[GOAL OF THE EXERCISE]
Without including any images, repeat the listing below exactly.

[SOURCE DATA]
◆ ◆ ◆ ◆

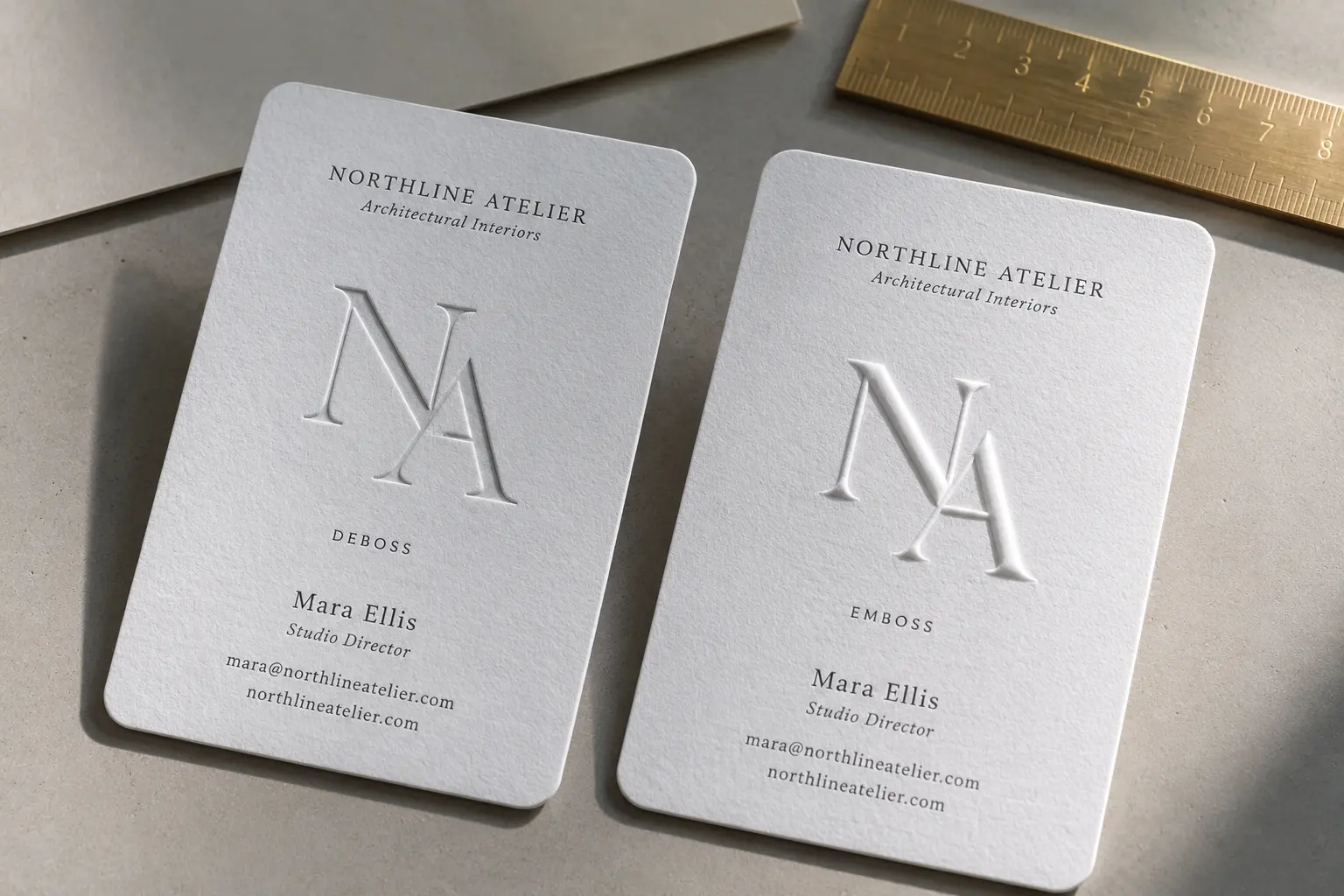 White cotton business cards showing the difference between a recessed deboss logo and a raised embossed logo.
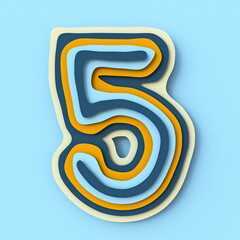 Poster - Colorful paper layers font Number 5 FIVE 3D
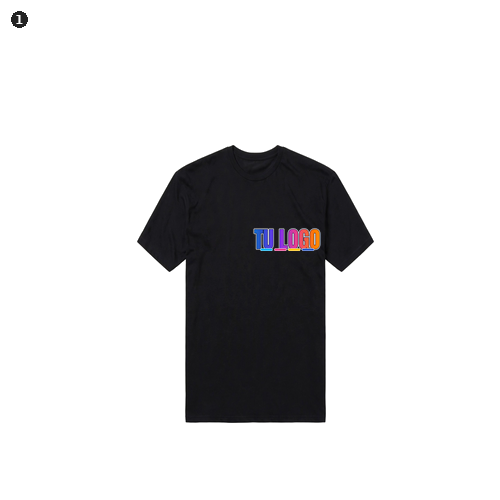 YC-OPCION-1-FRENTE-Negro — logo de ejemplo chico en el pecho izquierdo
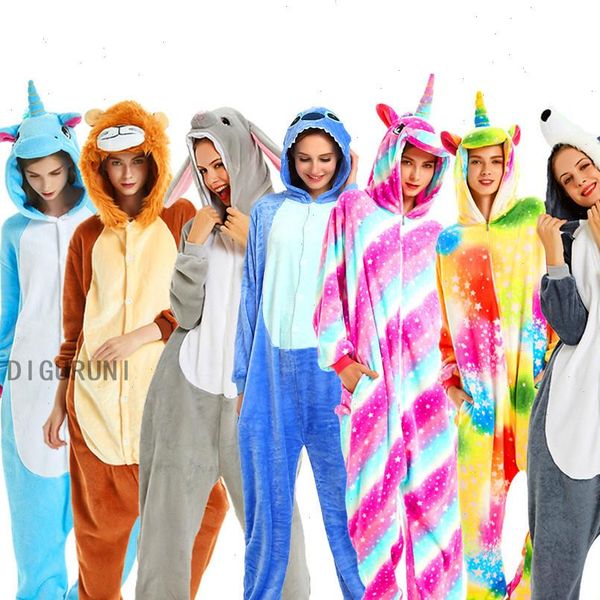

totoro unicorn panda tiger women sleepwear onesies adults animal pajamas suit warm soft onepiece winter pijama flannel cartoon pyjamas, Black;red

◆ ◆ ◆ ◆

[TASK ANSWER]
 White cotton business cards showing the difference between a recessed deboss logo and a raised embossed logo.
 Poster - Colorful paper layers font Number 5 FIVE 3D
 YC-OPCION-1-FRENTE-Negro — logo de ejemplo chico en el pecho izquierdo

totoro unicorn panda tiger women sleepwear onesies adults animal pajamas suit warm soft onepiece winter pijama flannel cartoon pyjamas, Black;red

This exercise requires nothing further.